What would you be if you could be ANYTHING?
The sad reality is that most people settle. They settle for underwhelming dreams. They settle for unenthusiastic or even destructive ways of experiencing themselves and the world around them. They settle for societal or social conditioning. They settle by working at jobs that don’t work for them. They settle for relationships that somehow serve a purpose but don’t feel right. They settle for physical bodies that are unhealthy or uncomfortable. Anxiety. Depression. Stress. Unhappiness. Boredom. Dysfunction. Complacency. This is what settling feels like.
The sad reality is also that most people settle for very real and very convincing reasons. They feel fearful. Stuck. Trapped. Overwhelmed. People settle because they don’t know how to change or to even believe that change is possible. They rehearse limiting beliefs like “I don’t deserve it” or “I’m not good enough” or “People will judge me” or “I can’t because…”.
Clients decide to work with me when they know they are settling. Perhaps you feel a very subtle calling, find yourself daydreaming of a different version of your life, or have the awareness that you are engaging in unhealthy ways to compensate for what you are missing out on. When this knowing is ignored…life eventually has a way of shaking us up and it’s usually not pleasant. I’ve been there. And I can help.

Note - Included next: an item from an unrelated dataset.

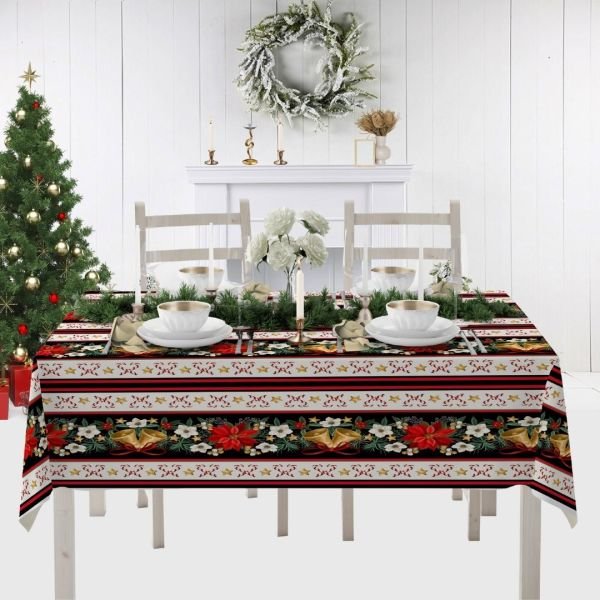 Yılbaşı Christmas Ortası Çiçekli Çanlı Şekerli 140x200 cm Masa Örtüsü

Once upon a time I created a life that looked like everything you are supposed to do and felt like nothing you are supposed to feel. I settled for habits, emotions, people, and jobs that were the very definition of settling. I settled because of fear…because of limiting beliefs I had about myself…and because I worried that the things I really wanted were not “realistic”. I settled because I didn’t completely trust what lied outside my comfort zone and I didn’t completely trust the potential of my own vision. And mostly, I settled because I didn’t even know I was settling…I was simply conditioned and preoccupied by the world around me who told consistent and formulaic stories about what dreams I “should” be chasing.
We don’t know what we don’t know.
Until one day…sitting on my couch in Vancouver, Canada…watching a Janis Joplin documentary…I woke up.
“Now that I’m here, where am I?” she asked.
In that moment, my unintentional patterns of settling suddenly infiltrated my conscious mind…and I took one look at that shiny glass ceiling above my head and threw a fucking brick through it.
Change is not easy. Becoming your authentic self is not easy. Pioneering a different way of life is not easy. But imagine the rewards. Imagine what’s on the other side of settling. Magic. Inspiration. Peace. Sincerity. Trust. Strength. Confidence.
You only have this life. This one chance to be you. Whatever you do…please don’t settle.